---------- INFORMATION PROVIDED

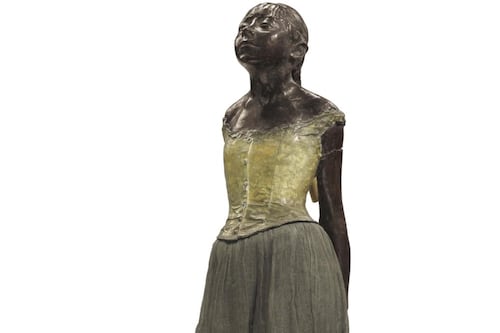 Little Dancer Aged Fourteen: Life of the model for Degas’s artwork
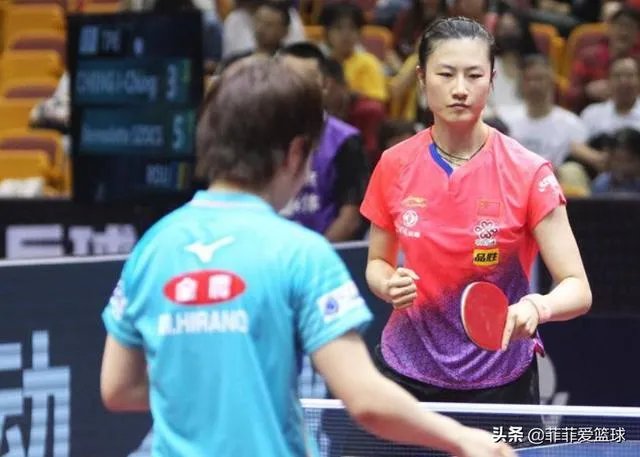 丁宁横扫平野美宇顺利晋级八强,如何评价丁宁的表现?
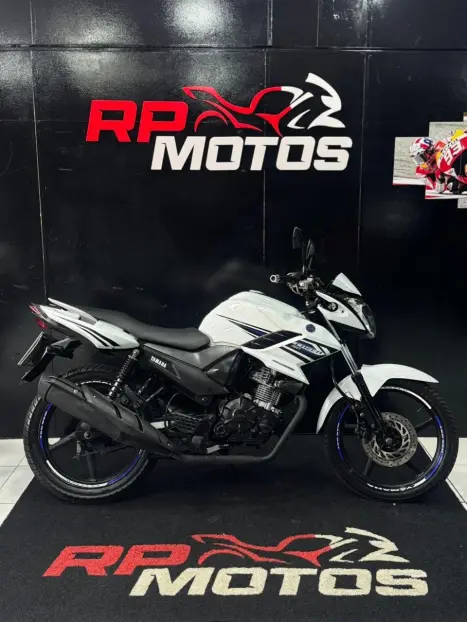 YAMAHA YS Fazer 150 BLUE FLEX, Foto 1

--------------------

== REQUIRED ACTION ==
If a picture falls within the lines from the one containing "丁宁横扫平野美宇顺利晋级八强,如何评价丁宁的表现?" through the end of the material, leave it out while repeating those lines exactly.

== ANSWER SECTION ==
 丁宁横扫平野美宇顺利晋级八强,如何评价丁宁的表现?
 YAMAHA YS Fazer 150 BLUE FLEX, Foto 1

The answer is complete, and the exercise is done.